As someone who loved the games - especially IV - I have no idea what you’re talking about. Why is there a podcast? I just thought it was a game series.
When Liu An received Liu Bei, he offered Bei a meal and Bei gladly accepted. Finding that he had no meat, however, Liu An killed his wife and used meat from her body to prepare Liu Bei a meal. When Bei left later, he found the body with a section carved out and was deeply moved by Liu An’s actions, realizing what had been done.
When he rejoined Cao Cao, he told him of what happened, and Cao Cao too was moved by the story of Liu An’s actions. Cao Cao sent money to compensate Liu An for his wife.
Does the precious ornate dagger that Cao Cao loaned to (hilariously fail to) kill Dong Zhuo ever come up again ?

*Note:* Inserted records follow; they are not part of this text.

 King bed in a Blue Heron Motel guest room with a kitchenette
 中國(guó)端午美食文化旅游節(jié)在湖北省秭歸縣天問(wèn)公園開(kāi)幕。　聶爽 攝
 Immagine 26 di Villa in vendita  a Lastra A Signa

It doesn't really get commented on but I'd imagine the people he borrowed it from and to whom he swore he would kill the tyrant must have felt pretty raw about the whole thing. Seems it was sweeped because bigger things immediately starts unfolding (and Cao Cao murders a whole farm full of servants and a friend of his father because of a mild paranoid rage which is of course held as not morally great but not all that important in the grand scheme of things. Being a commoner in ancient China sounds rough).
The whole botched backstab incident is probably apocryphal... The farm massacre however maybe happened (with an alternative motivation of being robbed by the people there).

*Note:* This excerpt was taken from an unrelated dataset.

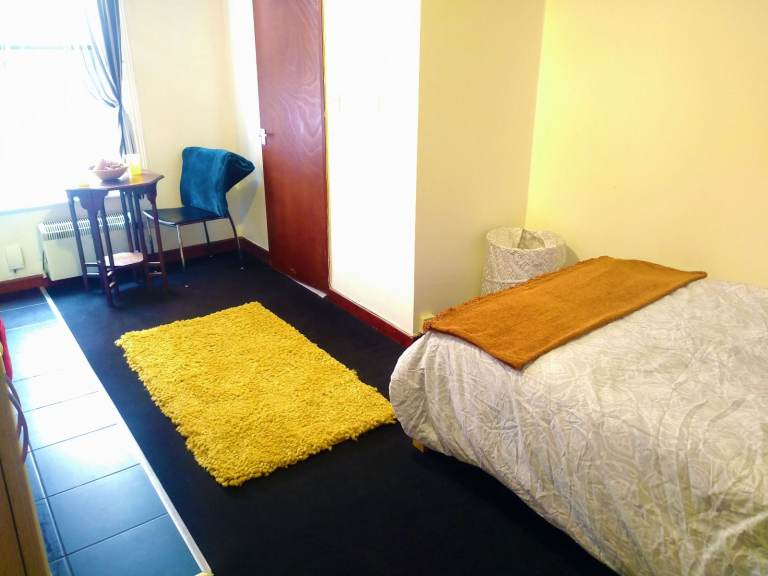 Studio flat - Shirley - BILLS INC - Available NOW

Does the precious ornate dagger that Cao Cao loaned to (hilariously fail to) kill Dong Zhuo ever come up again ?
It doesn't really get commented on but I'd imagine the people he borrowed it from and to whom he swore he would kill the tyrant must have felt pretty raw about the whole thing. Seems it was sweeped because bigger things immediately starts unfolding (and Cao Cao murders a whole farm full of servants and a friend of his father because of a mild paranoid rage which is of course held as not morally great but not all that important in the grand scheme of things. Being a commoner in ancient China sounds rough).
The whole botched backstab incident is probably apocryphal... The farm massacre however maybe happened (with an alternative motivation of being robbed by the people there).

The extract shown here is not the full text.